Proactive worked for my aunty as she had adult acne , but I tried it when I was 15 as she was raving about it .. it worked for a while but i found it too harsh on my skin i had red patches and i started to peel alot .. i guess its a hit or miss .. 

I am using an Australian product now called Australian Skin Approved Products (A.S.A.P.) and im seeing good results and the good thing is its for everyone .. not just for those who get breakouts ..


----------



## glam8babe (Oct 19, 2007)

*Re: Does Proactiv work for you?*

Quote:

   Originally Posted by *tropical_smiles* 

 
_this product not only worked wonders for me, but two of my best friends as well. I use to get those crater acne. But I found out through talking to pro activ reps how to use the product. Be fore warn that the first month will probably suck big time. Proactiv will make you break out and they do admit to that. The only thing that people do warn alot is that they stop the use right away. The reason you break out the first few weeks is because it's forcing all the dirt from under your skin. But you just have to suck it up and deal with it. For me, it was the second week that sucked, my best friend did three weeks and now all three of us have clear skin. I only use proactiv once every three days. What happens with proactiv is that it will dry out your skin (like the comments above). But what people don't realize is that the more it dries out, the more the skin will naturally produce more oil. Only you will figure out how often you should be using the product.
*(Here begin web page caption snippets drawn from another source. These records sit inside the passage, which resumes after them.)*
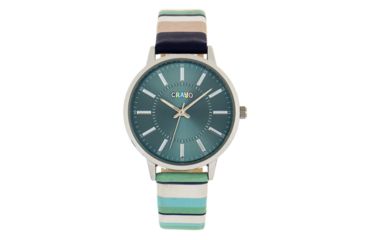 Image of Crayo Swing Unisex Watch, Teal, One Size, CRACR5704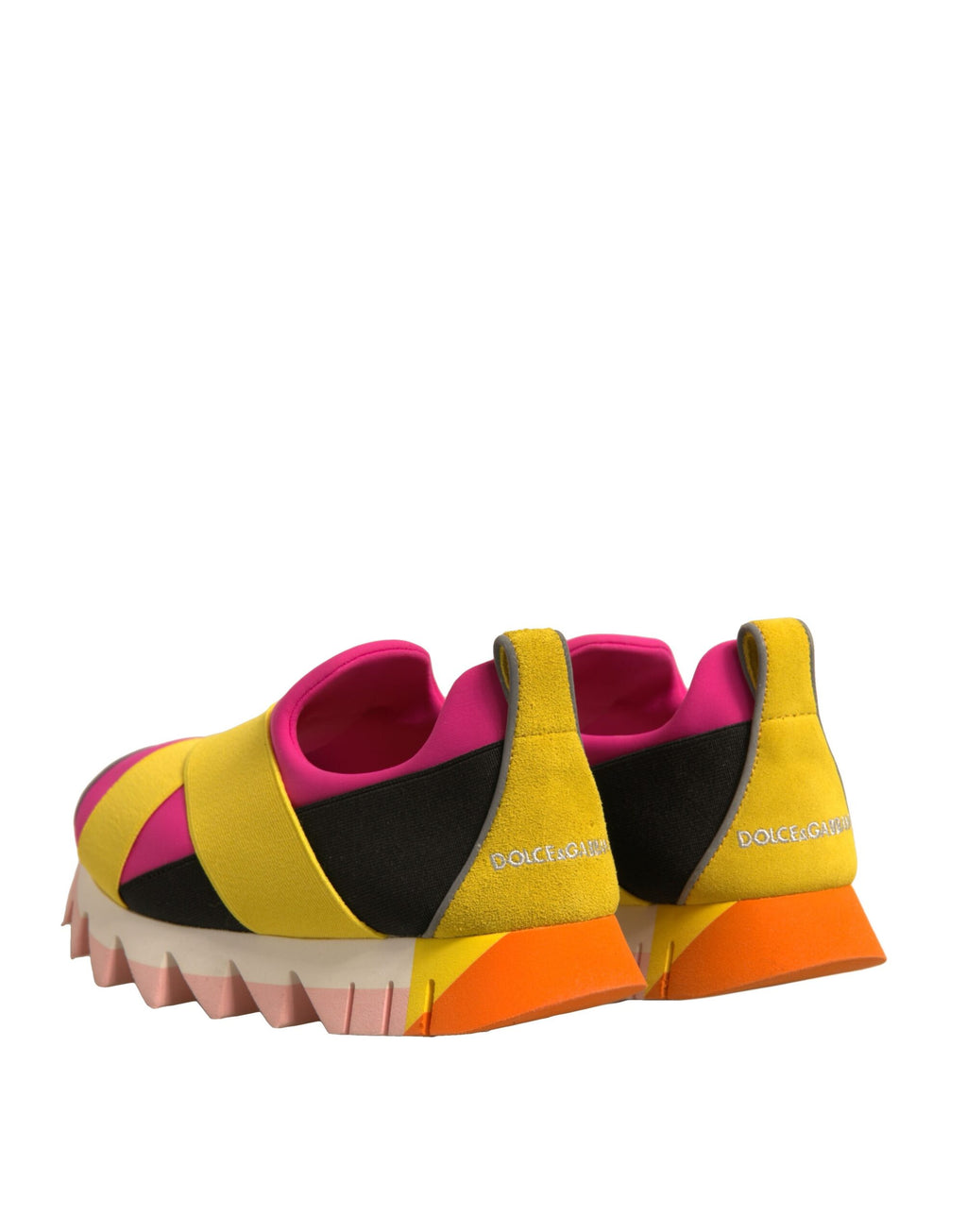 Dolce & Gabbana Multicolor Low Top Sneakers for Women additional view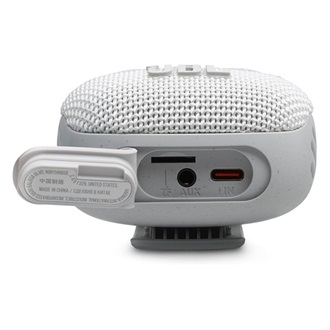 JBL WIND 3 bluetooth kerékpáros hangszóró v5.0, kormányra rögzíthető, SÖTÉTSZÜRKE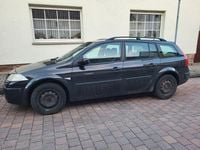 Gebraucht Renault Mégane GrandTour Avantage 111 PS (81 kW) 2007 Schwarz Kombi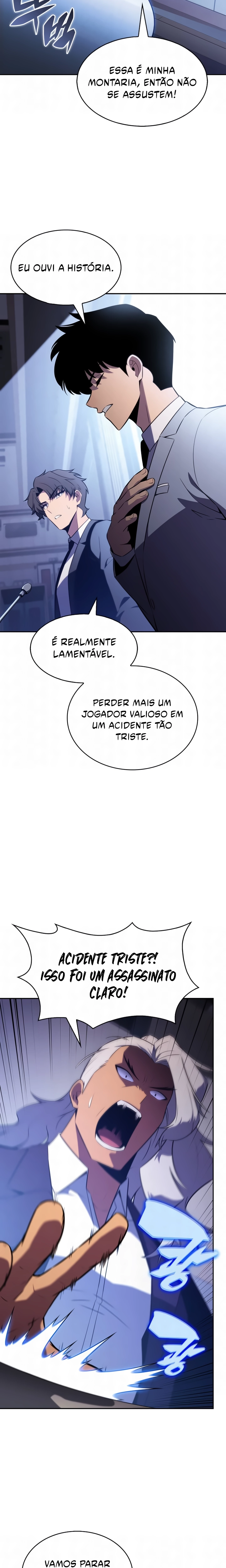 Read I'm the Max-Level Newbie Português Manga Online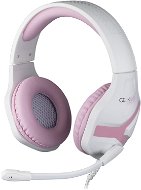 Konix Mythics "Geek Girl Crystal" PlayStation 4 Headset - Gaming Headphones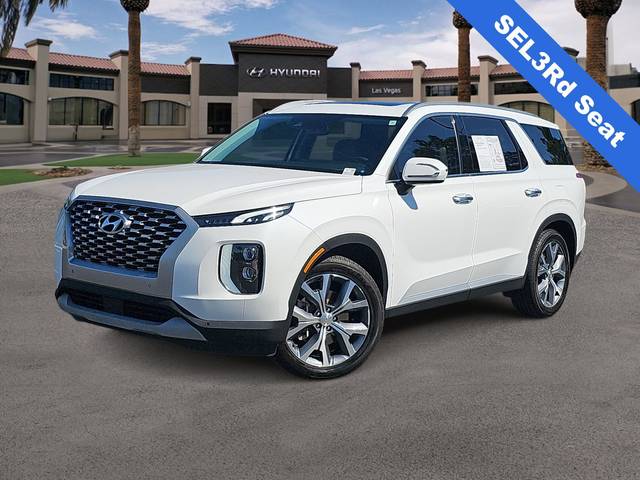 2021 Hyundai Palisade SEL FWD photo
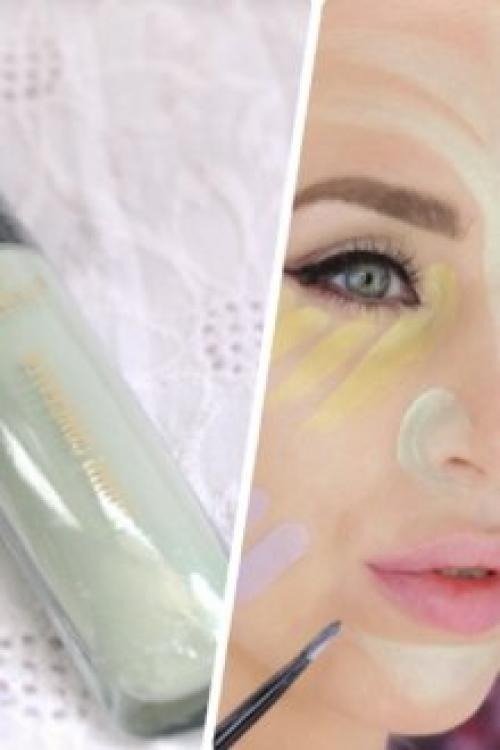 Зеленый корректор для лица. Зеленый консилер для лица – идеальное средство маскировки недостатков кожи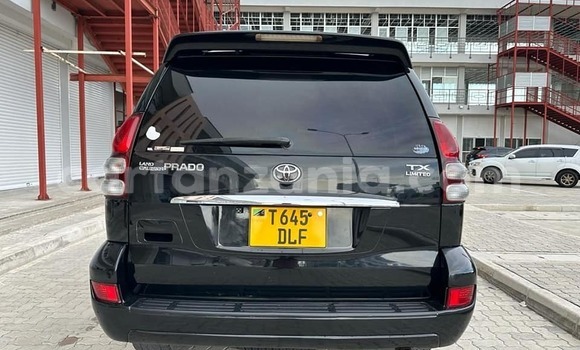 Buy Used Toyota Land Cruiser Prado Black Car in Bagamoyo in Pwani Buy Used Toyota Land Cruiser Prado Black Car in Bagamoyo in Pwani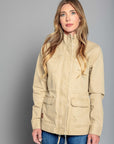 Riggin Utility Jacket- Khaki-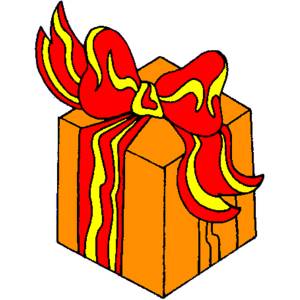 Disegno di Pacco Regalo a colori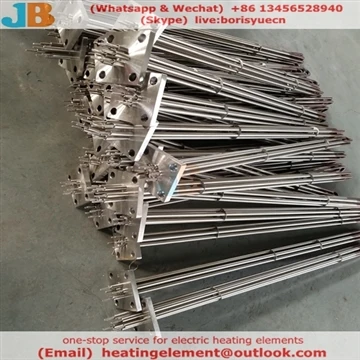 220V 300W 500W 1000W 2000W 3000W Gwresogydd Titaniwm Tiwbwl Trochi Trydan Ar ...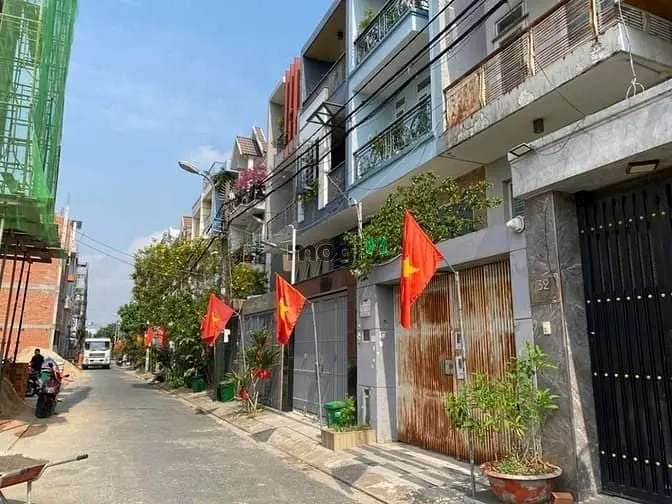 Nhà Đúc 3 Tầng Khu Dân Cư An Sương, Tân Hưng Thuận, Quận 12, 4X20M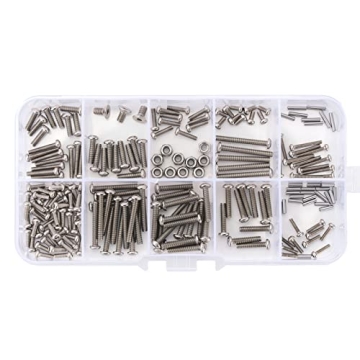 Premium INJORA Stainless Steel Screws Kit for TRX4M
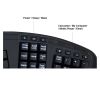 Adesso Tru-Form 3500 keyboard Universal RF Wireless QWERTY US English Black10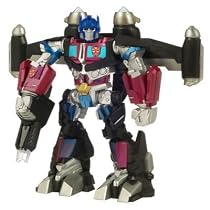 Transformers Movie 2 Mega Power Bots - Jet Power Optimus Prime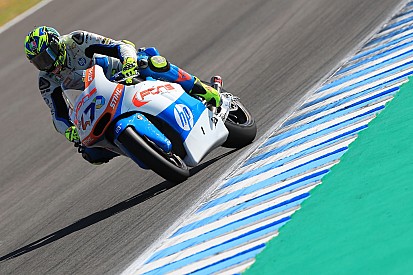 Jerez Moto2: Baldassarri wins despite Oliveira charge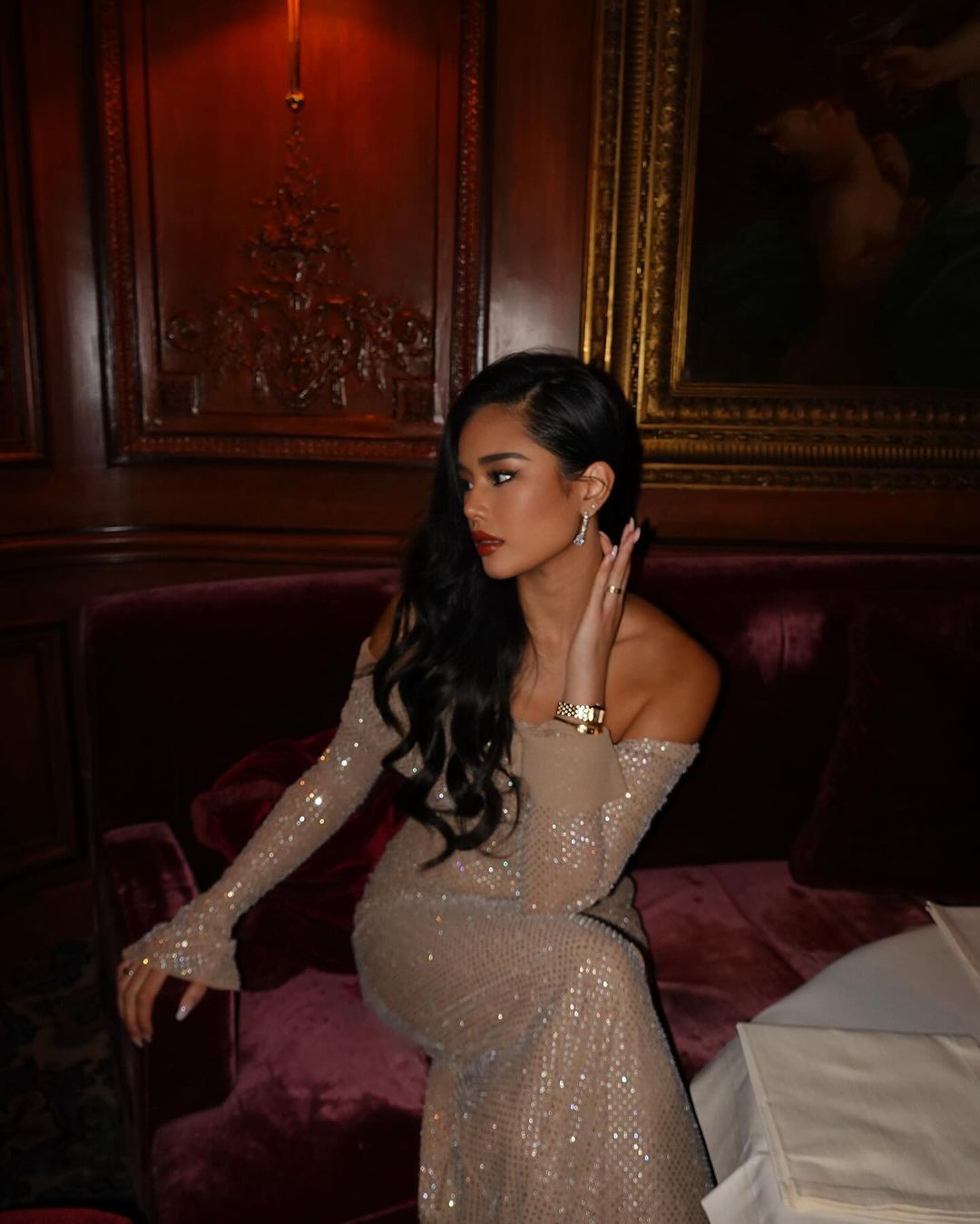 Emma | Glitzerkleid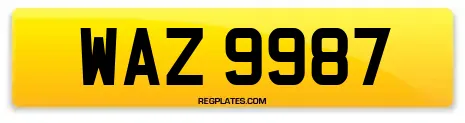 WAZ 9987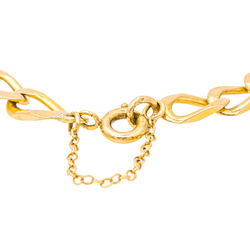 Bracelet Maille en or jaune - Castafiore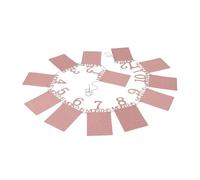 Mipcase Bannière Photo Anniversaire An avec Photos Mensuelles Décoration Intérieure pour Fête Première Année Impression Vive sans Décoloration Facile à Installer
The first few days your skin will be so dry but after that your face will become really oily. So it's up to you to figure it out how much you need to wash your face with the proactiv solution.

All in all, I love it to death!!! you should definately try it but do speak to the people at the kiosk first. They will be ablet o analyze your skin and give you a rough idea of how frequenly you should be using it. Proactiv shouldn't be a morning and night wash treatment at all. That is where people go wrong with the product_

 
thanks for the info! but they dont sell it at a kiosk or anything in the UK .. we have to either buy it off a shopping channel or the website which sucks. i dont think i will be buying it now anyway as i have my eye on biotherm stuff now


----------



## NicksWifey (Oct 20, 2007)

*Re: Does Proactiv work for you?*

I used ProActiv from January of '04 until January of '07. I had the occasional breakout and just wanted something to keep that in check. ProActiv wants you to use a dime sized amount of each product, but even using a small amount and having it on auto ship every 90 days, I still wasn't using it all up.
ProActiv made my skin worse. The step 3 repairing lotion make my skin extremely oily, just in the T-zone. But my skin was also dry, like around my cheeks and chin. It didn't do too much to keep the breakouts at bay, but even if I slipped up for one lousy day, I broke out worse.
I guess I continued to use it for so long because I was desperate. It did the same thing to a MAC m.a. that I met and she totally suggested Murad. Still haven't tried it, but am looking into it.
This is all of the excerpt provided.